売上高利益率は、売上高に対してどれほど利益を稼いでいるのかを示す指標です。

1.売上高(純)利益率
当期の売上に対して、どれほどの正味利益を得ることができたのかを示す指標です。分母の売上高は、総売上高から戻り高(売上返品)及び売上値引き高を控除した純売上高を用います。

売上高(純)利益率=当期純利益÷売上高×100

2.売上高総利益率
売上高に対する売上総利益(粗利益)の割合を示すもので、企業の購買・製造活動の良否を示すものです。この比率は、(1-売上原価率)として表わすこともできます。なお、売上原価率とは、売上原価÷売上高で算定されます。

売上高総利益率=売上総利益÷売上高×100

3.売上高営業利益率
売上総利益から販売費及び一般管理費を差し引いた利益のことを営業利益といいます。売上高営業利益率とは、営業利益を(純)売上高で除して算定することによって、企業本来の営業活動による収益力を表わします。

売上高営業利益率=営業利益÷売上高×100

売上高経常利益率

営業利益から営業外損益を加減算して算定した利益のことを経常利益といいます。売上高経常利益率は、経常利益を(純)売上高で除して算定することによって、経常的な操業活動における収益力を表わします。

売上高経常利益率=経常利益÷売上高×100

キャッシュ・フロー分析

売上高営業キャッシュ・フロー比率

一定期間の売上高に対し、本業の営業活動でどの程度のキャッシュ・フローを生み出したのかを示す分析です。

売上高営業キャッシュ・フロー比率=営業活動によるキャッシュ・フロー÷売上高×100

営業キャッシュ・フロー有利子負債比率

一定期間の営業活動によるキャッシュ・フローにより、どの程度、有利子負債が返済可能かという企業の支払能力を示した指標です。この比率が高いほど、負債に対する支払能力が高いと判断されます。

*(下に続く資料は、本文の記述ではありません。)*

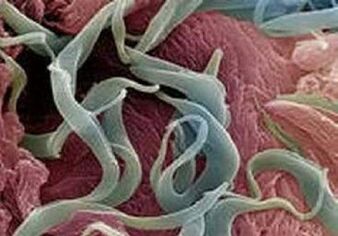 İnsan vücudundaki parazitlerin semptomları ve tedavisi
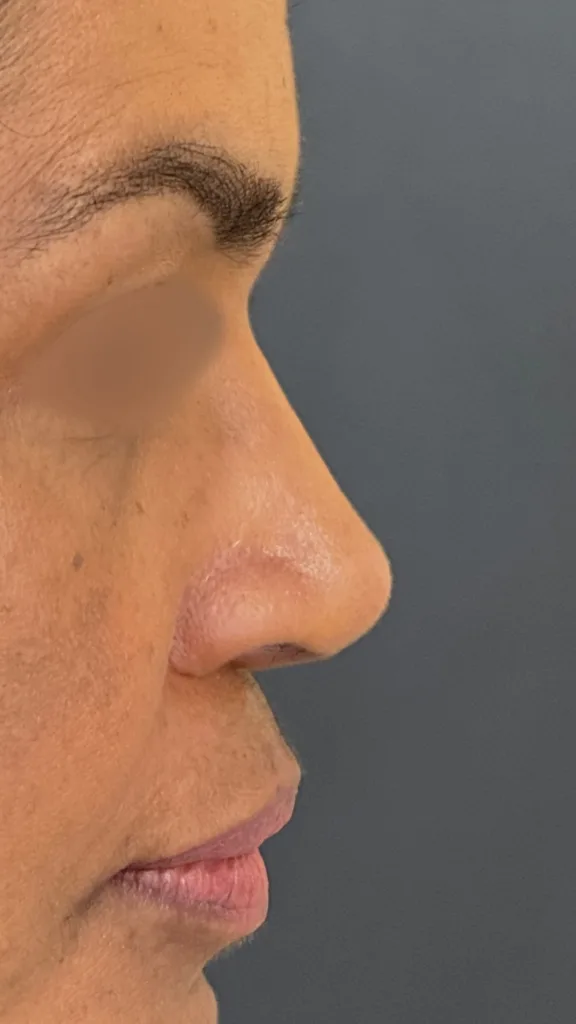 5 mês pós-operatório rinoplastia preservadora em nariz negroide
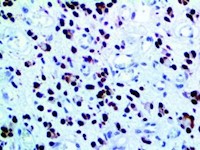 SOX-2 (EP103), RMab MAIN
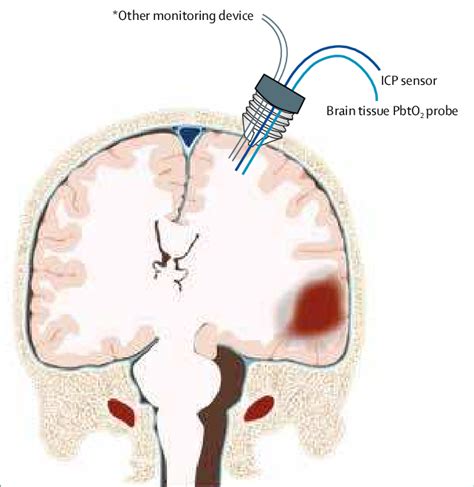 Multimodal Monitoring Of Brain Physiology After Traumatic Brain Injury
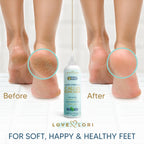 Callus Remover for Feet (Extra Strength) Foot Callus Remover Gel - Pedicure Tools for Feet Scrubber – Foot Care Spa Essentials, 6oz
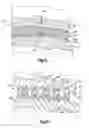Fig. 08 - Apparatus and method for assessing loads on adjacent bones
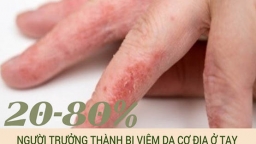 Viêm da cơ địa ở tay: Cảnh báo những biến chứng nguy hiểm cần điều trị ngay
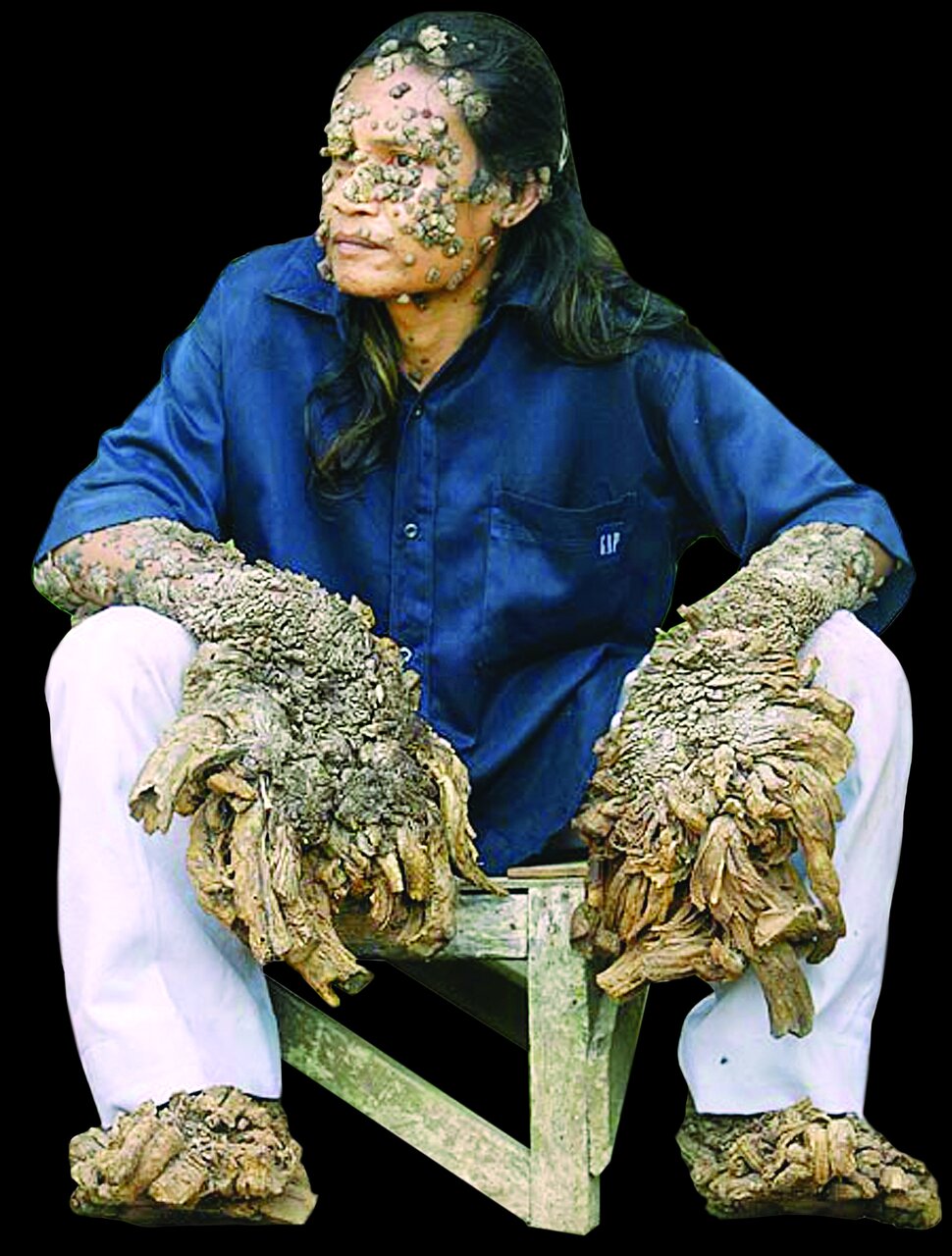 این درخت حرف میزند | تصاویر باور نکردنی از مردی که شبیه درخت شد | او نصفش انسان و نصف دیگرش درخت بود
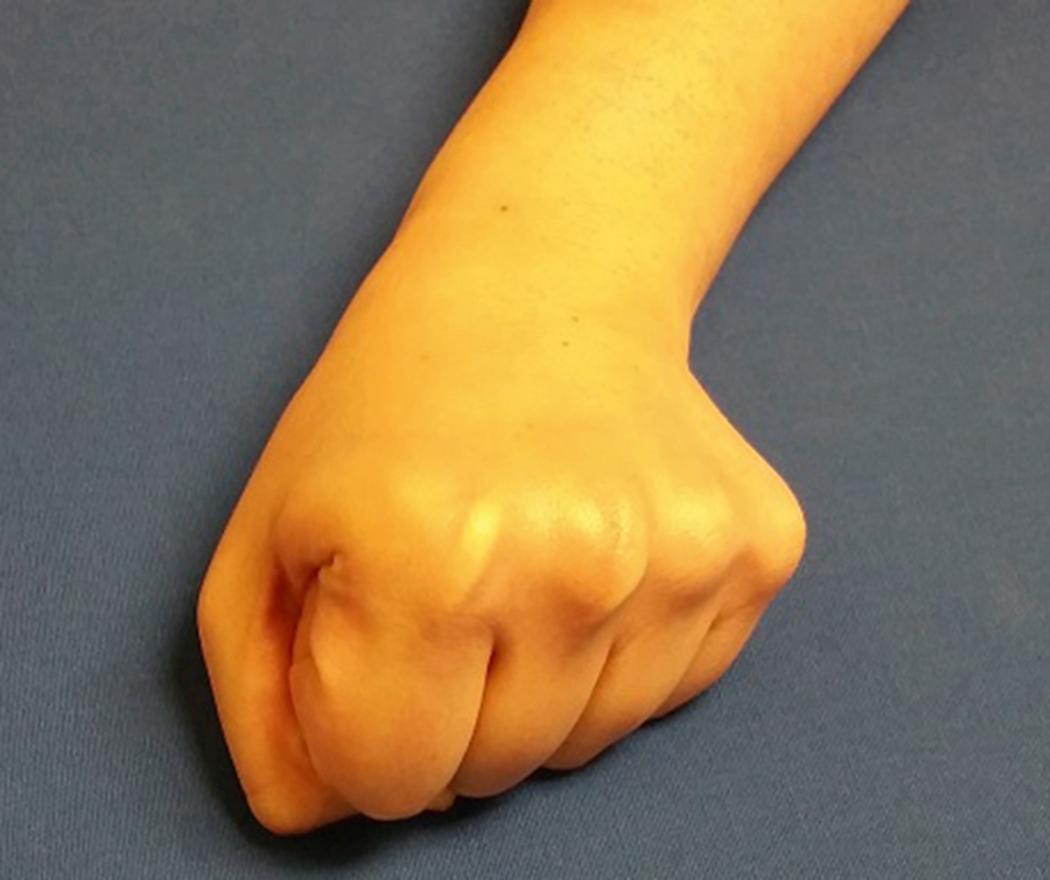 Fig. 16.7, Scaphoid view. The subject makes a fist and places the forearm and fist pronated palm side down with the wrist in ulnar deviation.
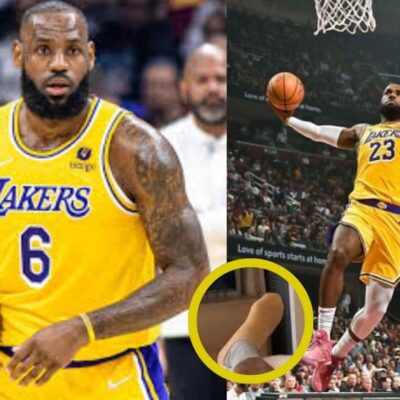 como se ven los pies de LeBron James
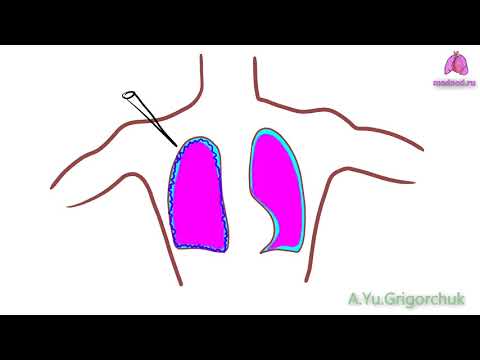 Видео: Хемоторакс: симптоми, лечение, причини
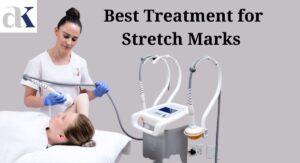 Best Treatment for Stretch Marks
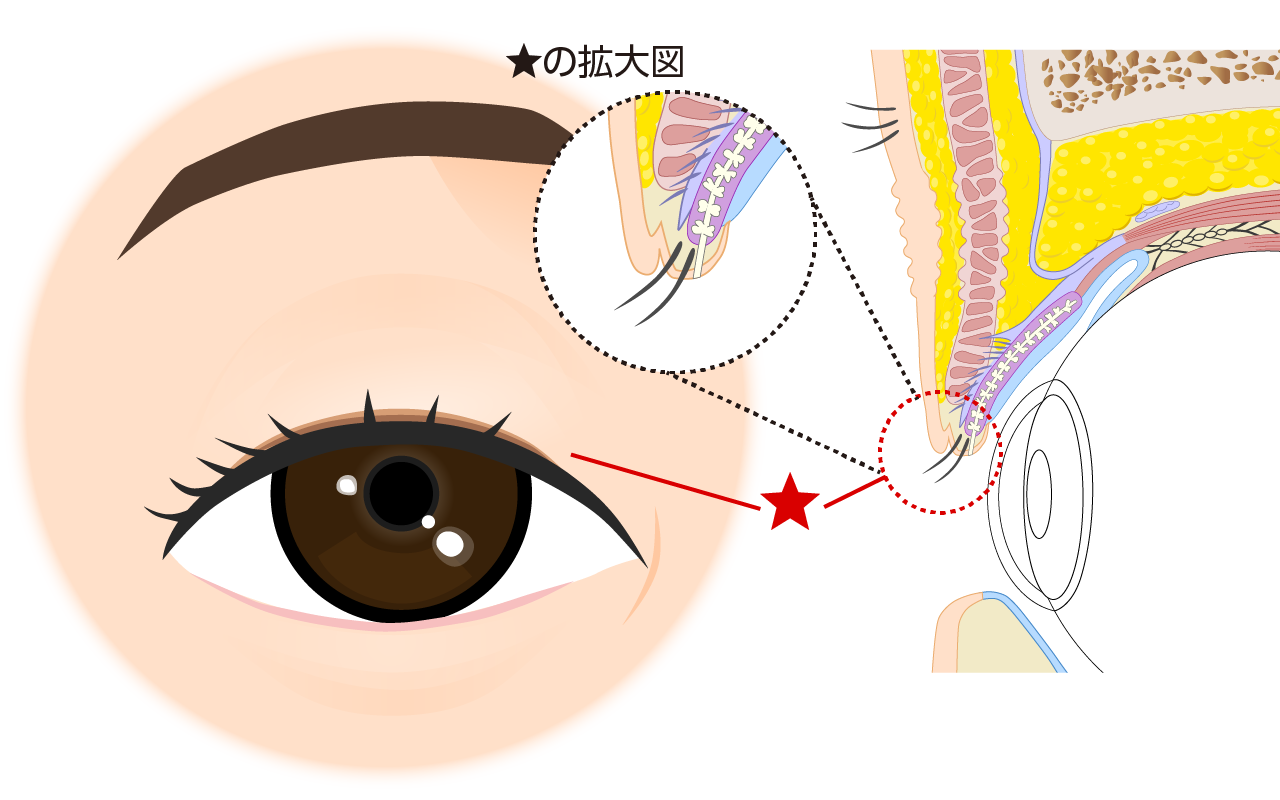 少し皮膚を切除しながら二重まぶたを作ってみます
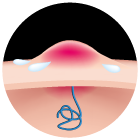 Infiammazioni ed ascessi delle ghiandole sudoripare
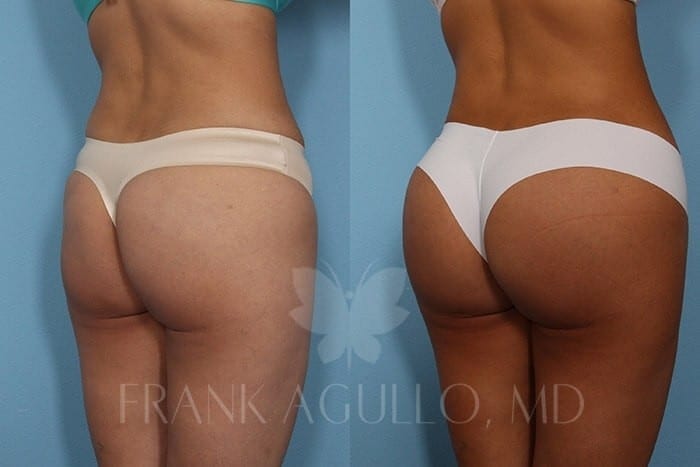Butt Implants Before and After 6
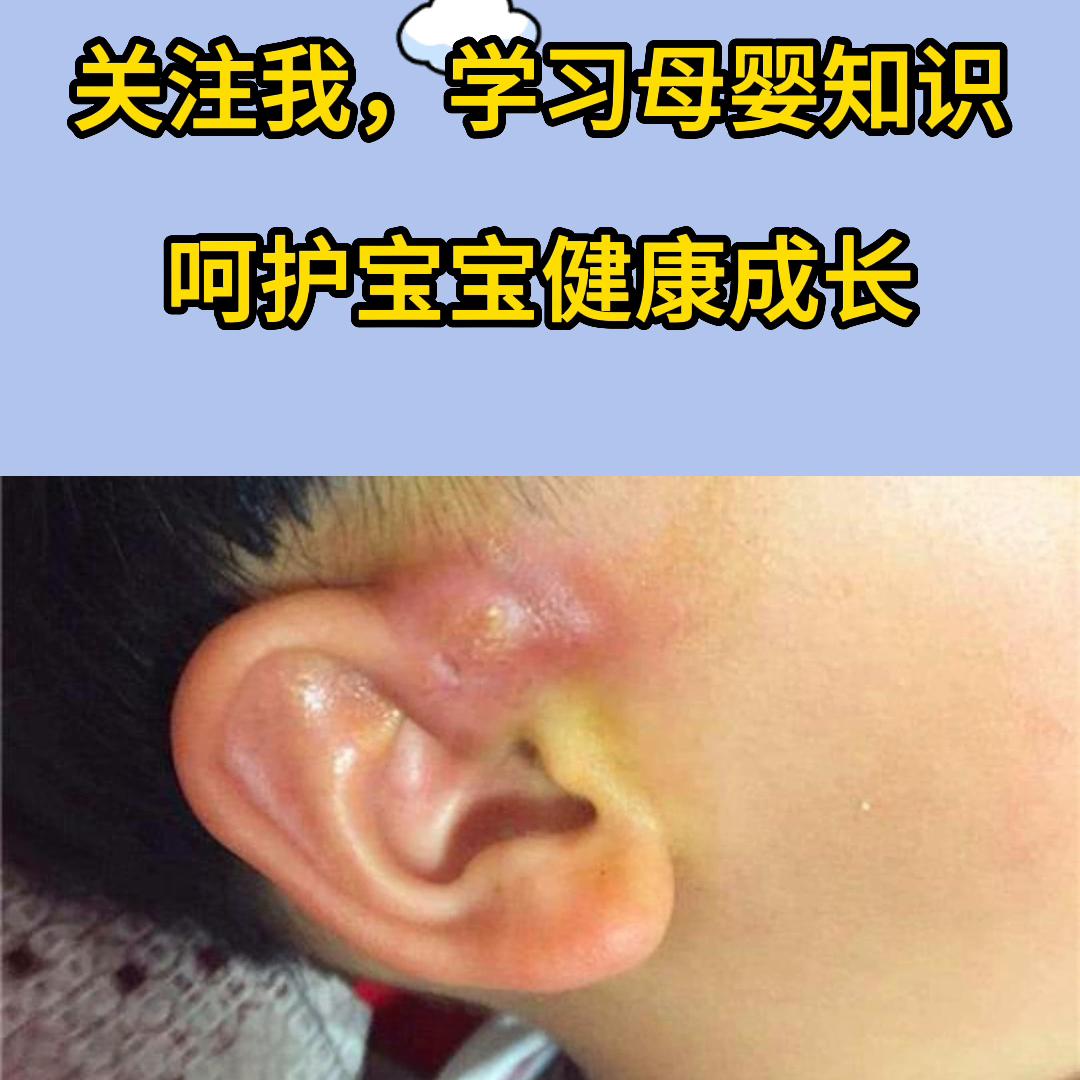 宝宝耳朵发炎的症状,宝宝耳部感染症状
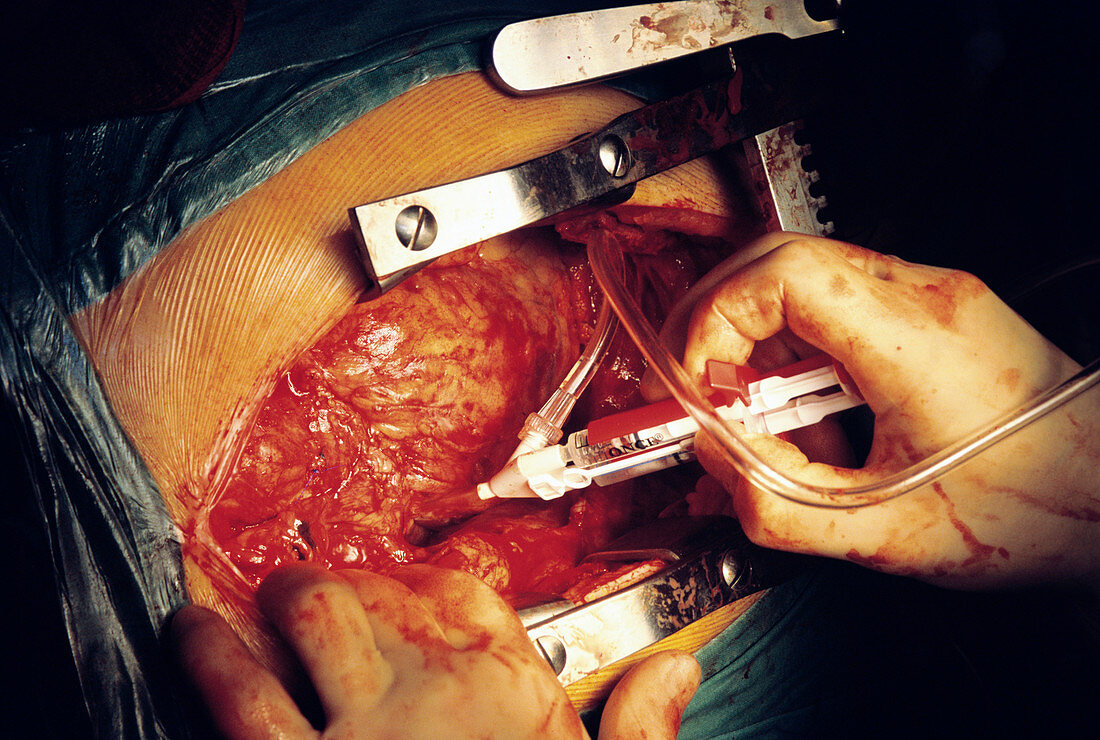 Heart bypass surgery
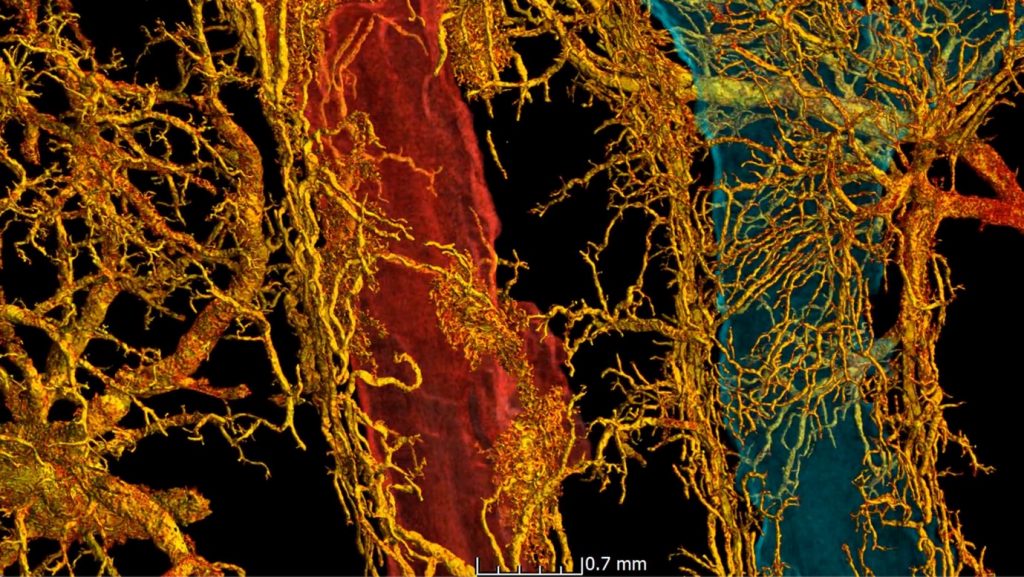 Bronchio-pulmonary shunting in a SARS-CoV-2 infected lung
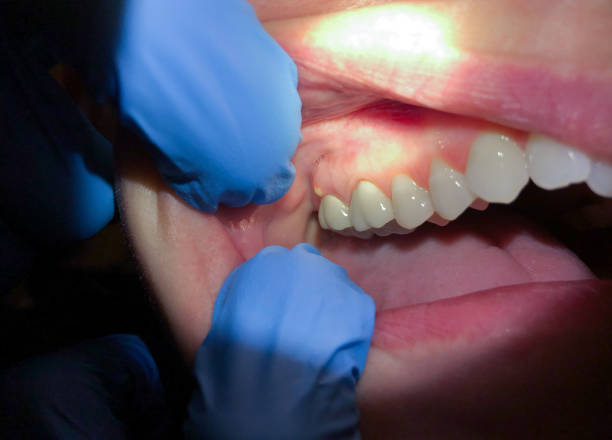 Best After-Hours Dental Care in Killen, AL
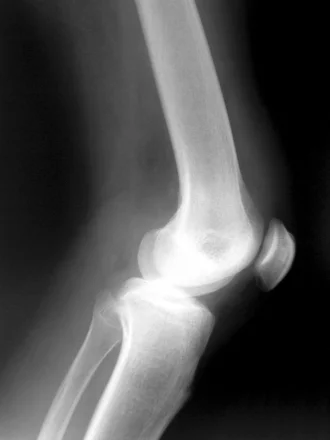 X-Ray Image of the Knee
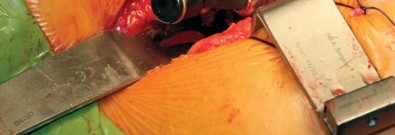 Illustration 49 for Kinectiv® Stem: Modular Necks for Primary THA Success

営業キャッシュ・フロー有利子負債比率=営業活動によるキャッシュ・フロー÷有利子負債×100

配当政策と配当率・配当性向

配当性向

会社が一定期間に稼いだ利益のうち配当として株主に分配する割合を配当性向といいます。

配当性向=配当金÷当期純利益×100

配当水準が一定であるとすれば、配当性向は不況期には高めになり、好況期には低めになります。配当性向が高いということは、株主に対し利益を積極的に還元していることになり、資金が社外に多く流出することを表し、配当性向が低いということは、株主に対し利益を消極的に還元していることになり、資金が社内に多く留保(内部留保率が高い)されることになります。

配当率

株主が出資した資本金に対する配当金の割合を配当率といいます。

配当率=配当金÷資本金×100

従来、わが国の多くの上場会社では、平均配当率を11%、配当率の上限を30%とするような安定配当政策がとられてきましたが、近年では、配当率40%以上の企業も見られるようになりました。